Les réactions de certains politiques aux récents évènements ont encore une fois montré une division profonde installée dans notre pays ces dernières décennies. Bien plus que seulement politique, la fracture entre les regroupements socio-politiques ne cesse de se creuser, au point qu’on se demande ce qui tient encore ensemble le Mali, et combien de temps cela pourra durer. Nous ne sommes pas simplement en désaccord les uns avec les autres sur les fins de la politique, mais nous sommes également en désaccord sur la compréhension de la réalité elle-même. Notre pays fait face à une polarisation asymétrique. En effet, la polarisation de notre société tient à trois grandes caractéristiques : une profonde destruction de notre tissu social et de nos valeurs, un nouveau fondamentalisme religieux fervent, une méfiance viscérale à l’égard du système politique et de l’État. Or, ce qui nous a permis de rester unis et de faire fonctionner notre pays jusque-là, en dépit de notre riche diversité, est entre autres notre attachement à nos valeurs communes et à nos us.
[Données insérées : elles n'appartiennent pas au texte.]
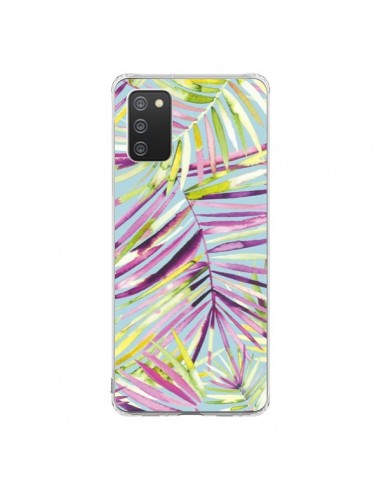 Coque Samsung A02S Tropical Flowers Multicolored - Ninola Design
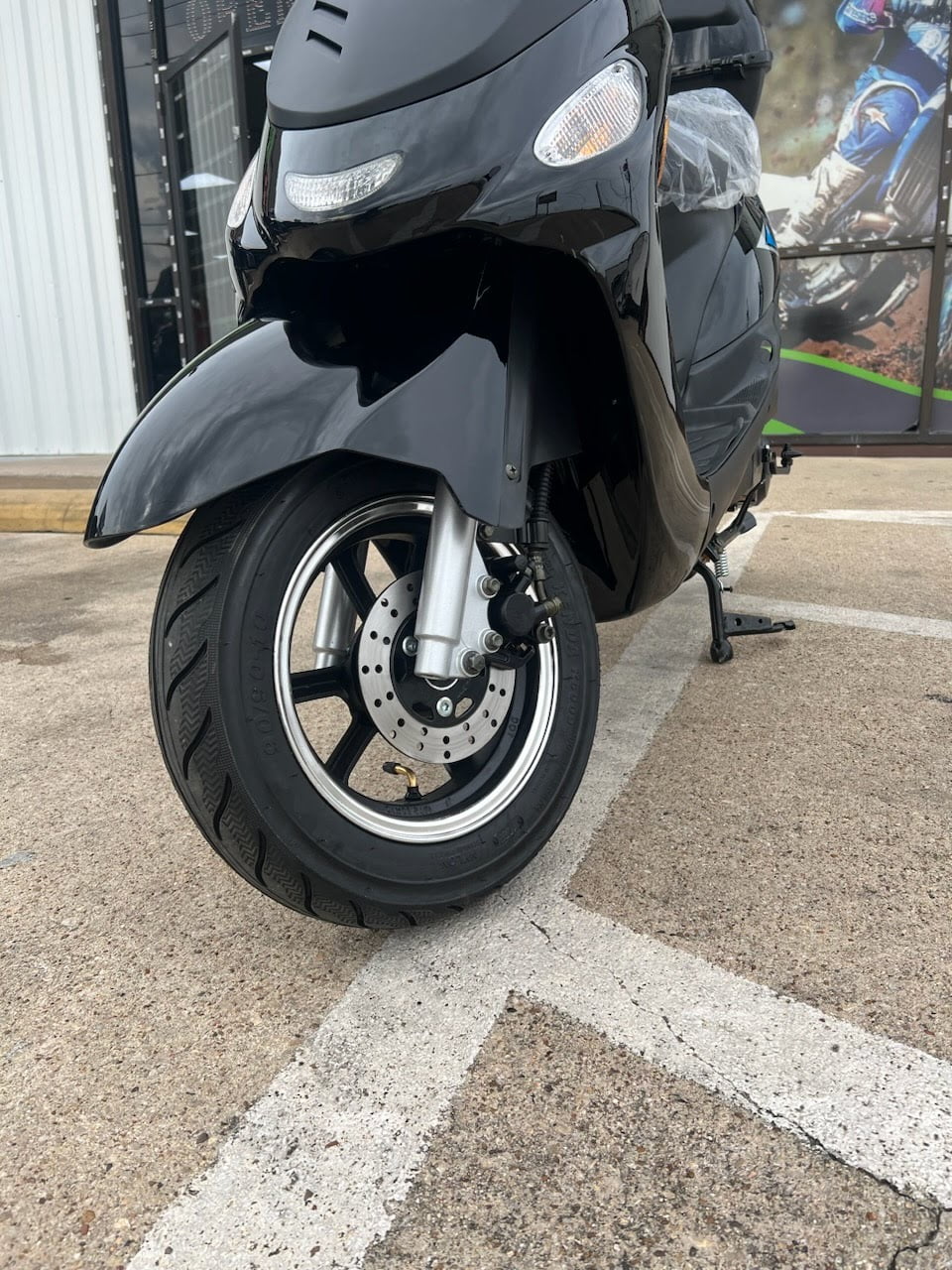 49cc Gas Fully Automatic Scooter Moped with Trunk E6928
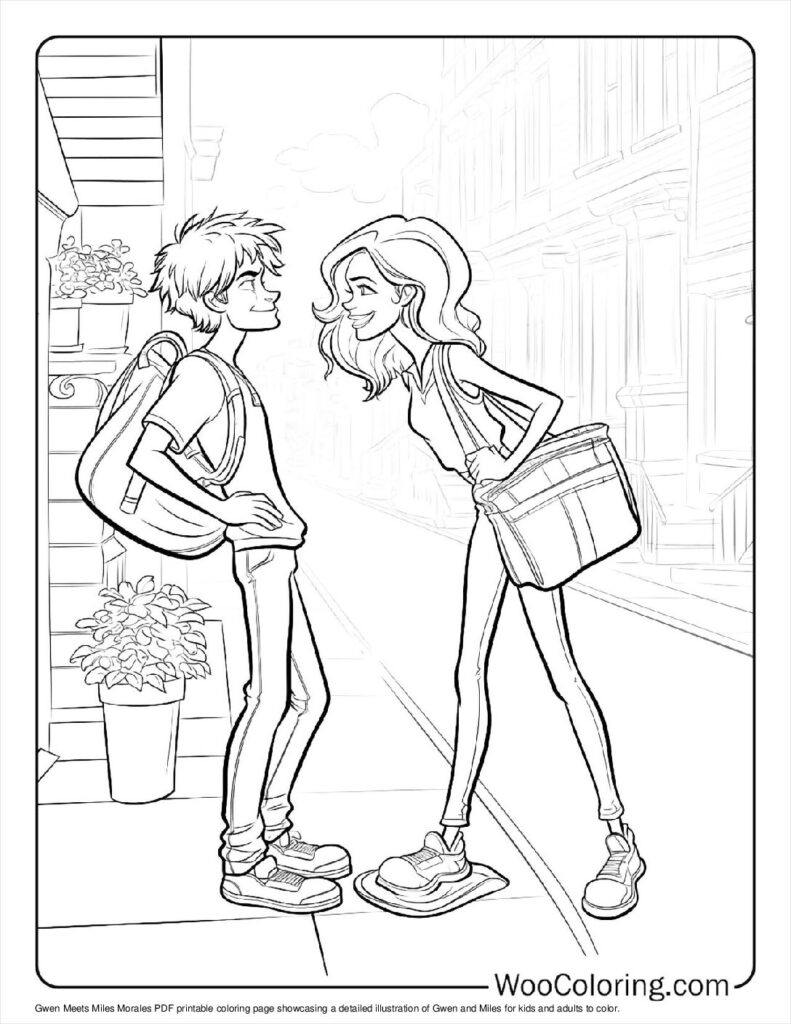 Gwen Meets Miles Morales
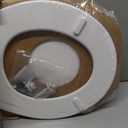 BEMIS 500EC 390 Toilet Seat with Easy Clean & Change Hinges, 1 Pack Round, Cotton White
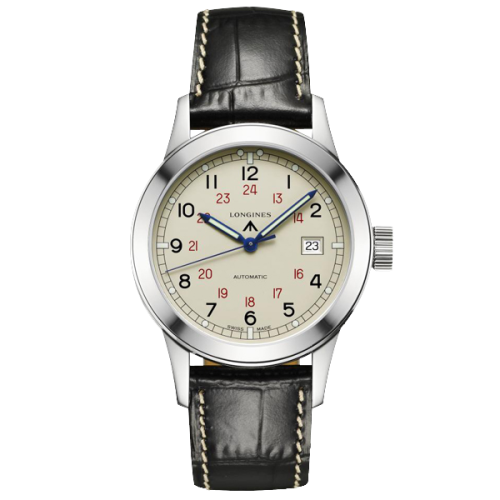Longines Heritage Military COSD Ivory L2.832.4.73.0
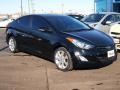 2012 Midnight Black Hyundai Elantra Limited  photo #2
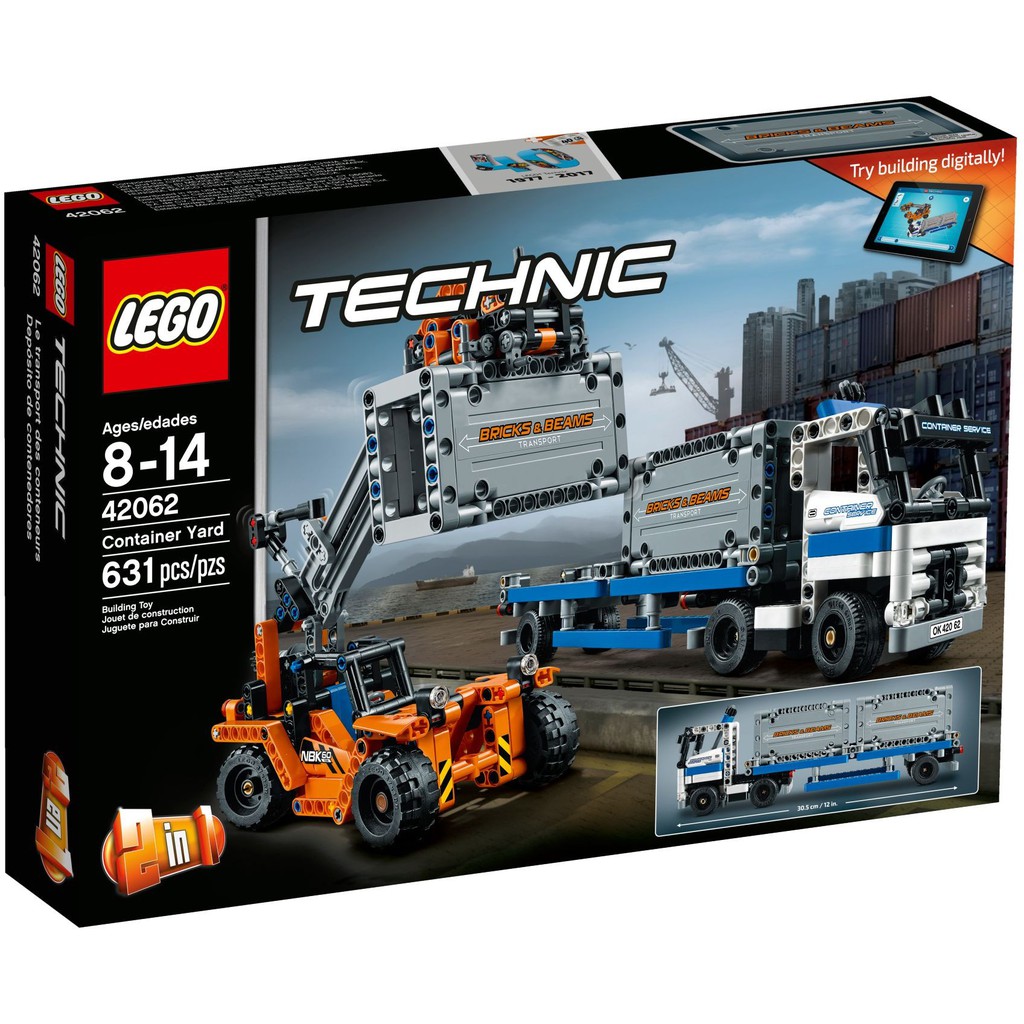 42062 LEGO Technic Container Yard - Xe Container & Xe nâng hàng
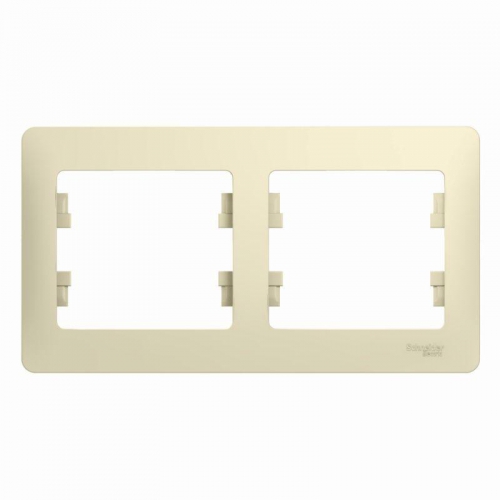 Рамка 2-м Glossa горизонт. беж. SE GSL000202 GSL000202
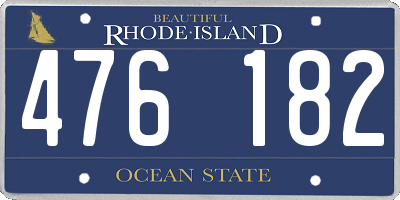 RI license plate 476182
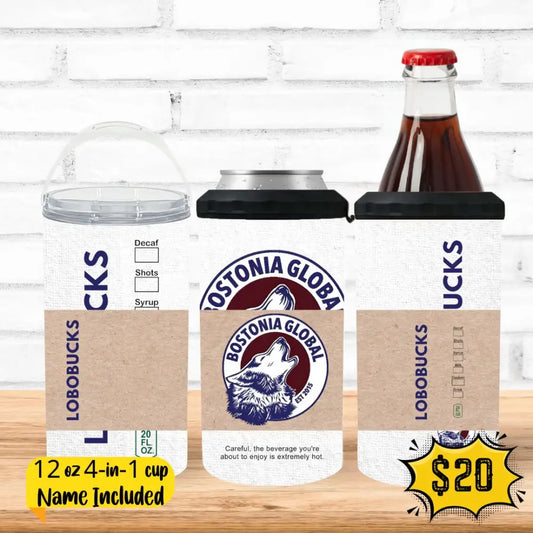 Bostonia 4-In-1 Tumbler- Lobo Coffee W/Sleeve Drinkware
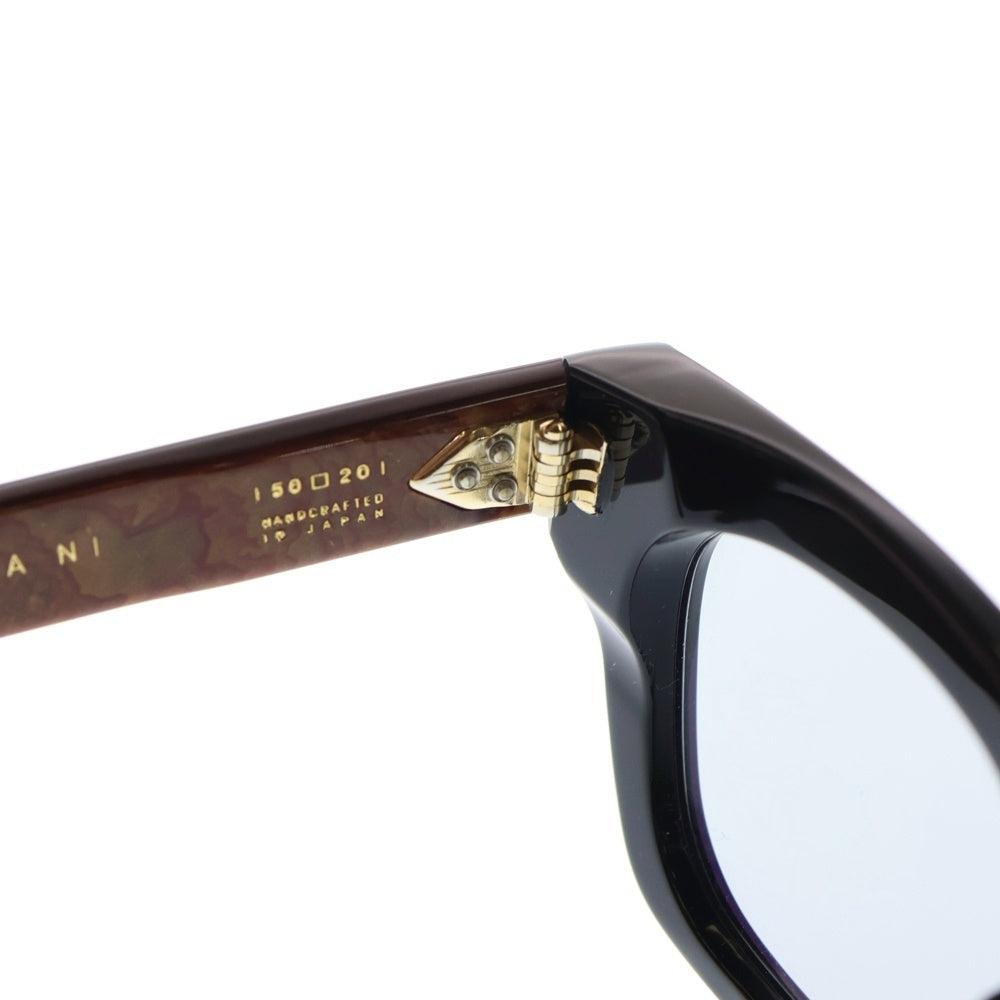 JACQUES MARIE MAGE(ジャック マリー マージュ) DEALAN ディラン ウェリントンフレーム ブライアーウッド調 サングラス アイウェア メガネ 眼鏡 ブラック/ブラウン 47/500 JMMDE10A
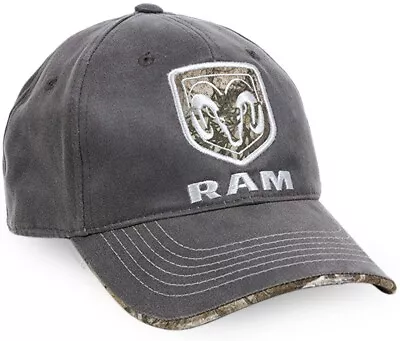 Dodge RAM Logo Charcoal Weathered Cotton Low Crown Cap With Realtree Edge™  • $20.99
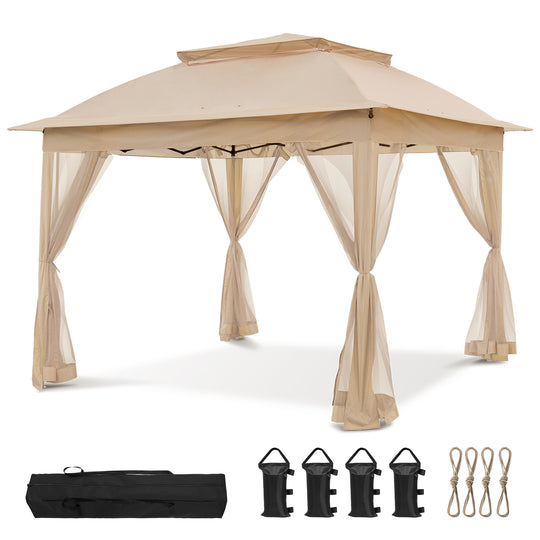 COOS BAY 11x11 Pop Up Gazebo with Mesh Netting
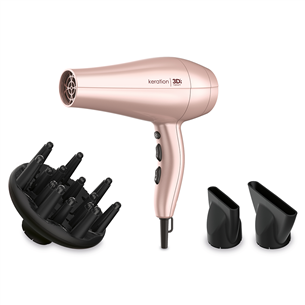 GA.MA Keration 3D Therapy Ultra Ion, 2300 W, pink - Hair dryer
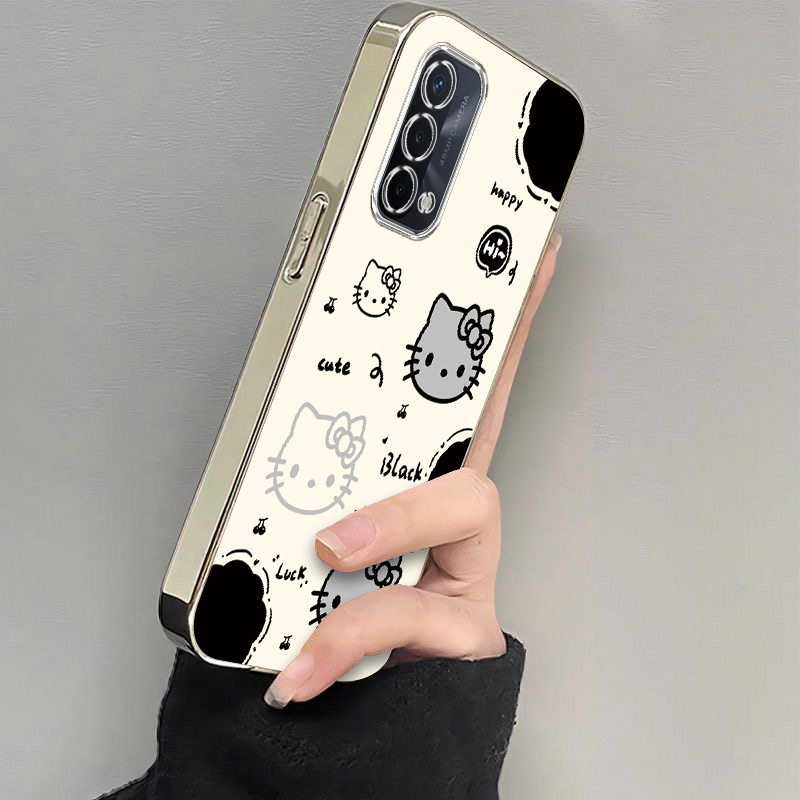 适用OPPOA93手机壳OPPO新款A93S5G套OPA/OPPA硅胶opp0pp0ppo全包opρoa/oρpoa防摔opopa/poopa女电镀凯蒂猫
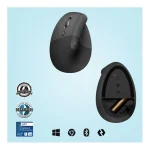 Mouse Logitech Lift Vertical Ergonomic - Left - Graphite - Image 3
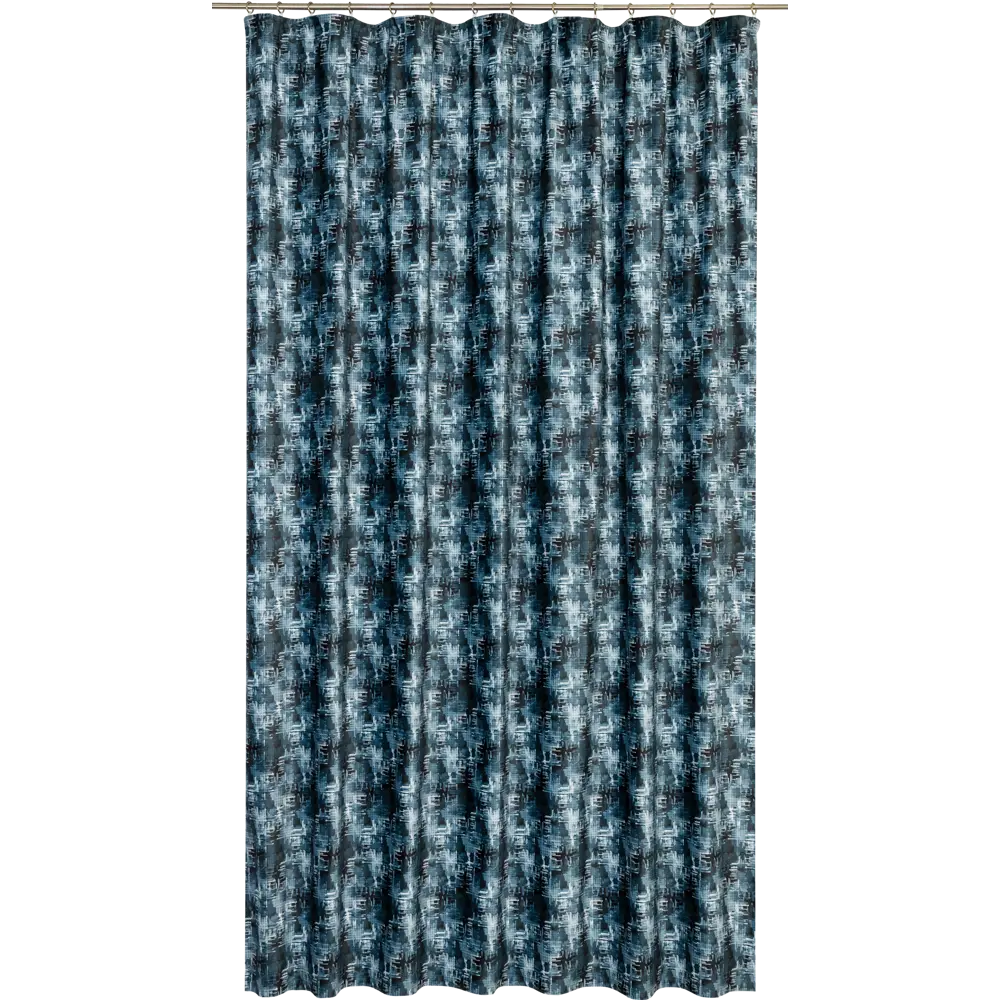 Штора на ленте «Космос» 200x280 см цвет синий GARDEN STLM-2111701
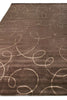 Exquisite Rugs Super Tibetan 8102 Chocolate Area Rug Pile Image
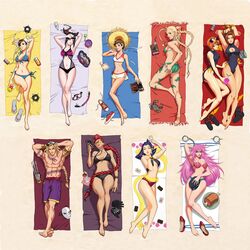  1boy 6+girls abs adapted_costume antenna_hair arm_tattoo armband armlet armpits arnold_tsang ass aviator_sunglasses barefoot beach beach_towel big_hair bikini black_hair black_one-piece_swimsuit blonde_hair blue_bikini boned_meat book bracelet_removed braid breasts brown_hair bun_cover cable cammy_white card casual_one-piece_swimsuit cellphone center_opening chest_tattoo chun-li cleavage cleavage_cutout clothing_cutout cocktail_glass crab crimson_viper cup double_bun drinking_glass earbuds earphones eyewear_on_head final_fight food full_body gloves hair_bun hair_horns hat highres holding holding_card holding_cup jewelry juli_(street_fighter) juni_(street_fighter) juri_han kasugano_sakura large_breasts listening_to_music long_hair low_twin_braids lying male_swimwear mask meat medium_breasts multiple_girls multiple_rings muscular muscular_male odd_one_out official_art on_back on_side on_stomach one-piece_swimsuit orange_hair peaked_cap phone pink_hair poison_(final_fight) pompadour purple_hair red_hair ribbed_swimsuit ring rose_(street_fighter) shadaloo_dolls shoes short_hair small_breasts smartphone snake_tattoo soles source_request street_fighter street_fighter_iv_(series) street_fighter_zero_(series) sun_hat sunglasses swim_trunks swimsuit tan tankini tarot tarot_(card) tattoo thigh_gap toes toned towel twin_braids udon_entertainment unworn_gloves unworn_hat unworn_headwear unworn_mask unworn_shoes vega_(street_fighter) wedding_ring 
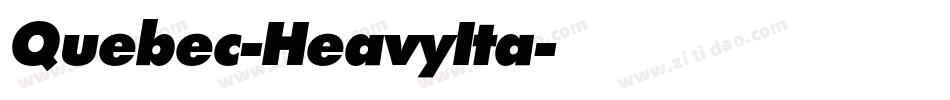 Quebec-HeavyIta字体转换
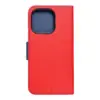 TechWave Fancy Book case for iPhone 14 Pro red / navy blue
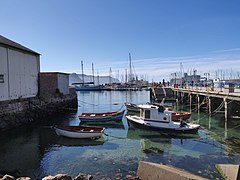 Boats in Simon's Town harbour.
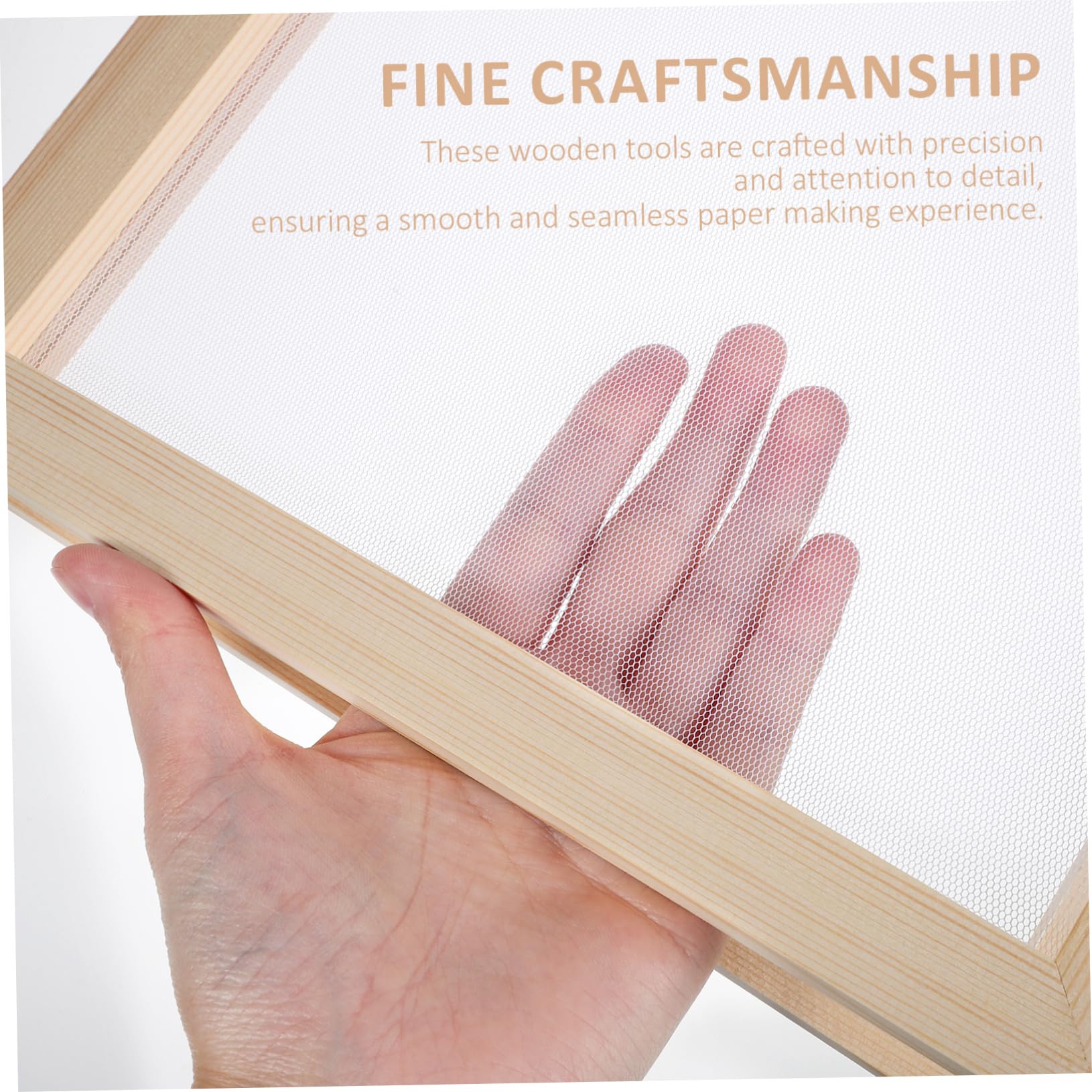 ARTIBETTER DIY Paper Craft Kit Wooden Frame Screen Mesh Mold Deckle Absorbent Paper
Cette polarisation politique est en partie le résultat d’un jeu dangereux auquel s’adonnent trop souvent les acteurs politiques ainsi que leurs médias mensonges. Ce sont les politiciens en manque d’attention et les regroupements qui se trouvent à la marge qui saisissent des occasions de dérapages politiques, de faiblesse ou d’inattention de l’État pour déstabiliser tout ce qui n’est pas à leurs avantages. Les fautes et les intentions malveillantes dont ils s’accusent mutuellement témoignent de l’incompréhension, de l’animosité et du sentiment de rancune qui les dressent de plus en plus durement les uns contre les autres. Le problème, c’est qu’à la longue, cette polarisation finit par réellement exacerber les antagonismes dans la population et compliquer la recherche de compromis sur les enjeux. Et le cancer au cœur de notre lutte pour le bien-être de notre population est qu’il n’y a pas assez de gens parmi nos politiques qui sont prêts à sacrifier leur intérêt à court terme pour l’intérêt à long terme de l’ensemble de notre peuple.
Cependant, la situation actuelle n’est pas une fatalité, mais il est grand temps de retourner à nos fondamentaux avec des alternatives viables et surtout de retrouver les grandes forces – culturelle, religieuse, politique et sociale qui nous ont toujours rapprochées les uns des autres. Il nous faut un civisme qui fait référence aux devoirs et aux responsabilités du citoyen dans l’espace public. Nos politiques doivent promettre de se faire rassembleurs et être des acteurs de changements plus profonds pour que la tendance à la polarisation se renverse. Nous devons aussi exiger que la politique soit exercée comme un art et une pratique de gouvernance de notre société et son objectif devant être de régir la vie dans nos communautés et d’assurer leur subsistance. Nous devons établir des liens qui nous unissent politiquement et qui nous encouragent à mener des actions communes de lutte susceptibles de garantir la stabilité politique dans notre pays. Travaillons en commun pour remplacer l’indifférence et l’individualisme avec des politiques centrées sur les droits de l’ensemble du peuple et la souveraineté populaire.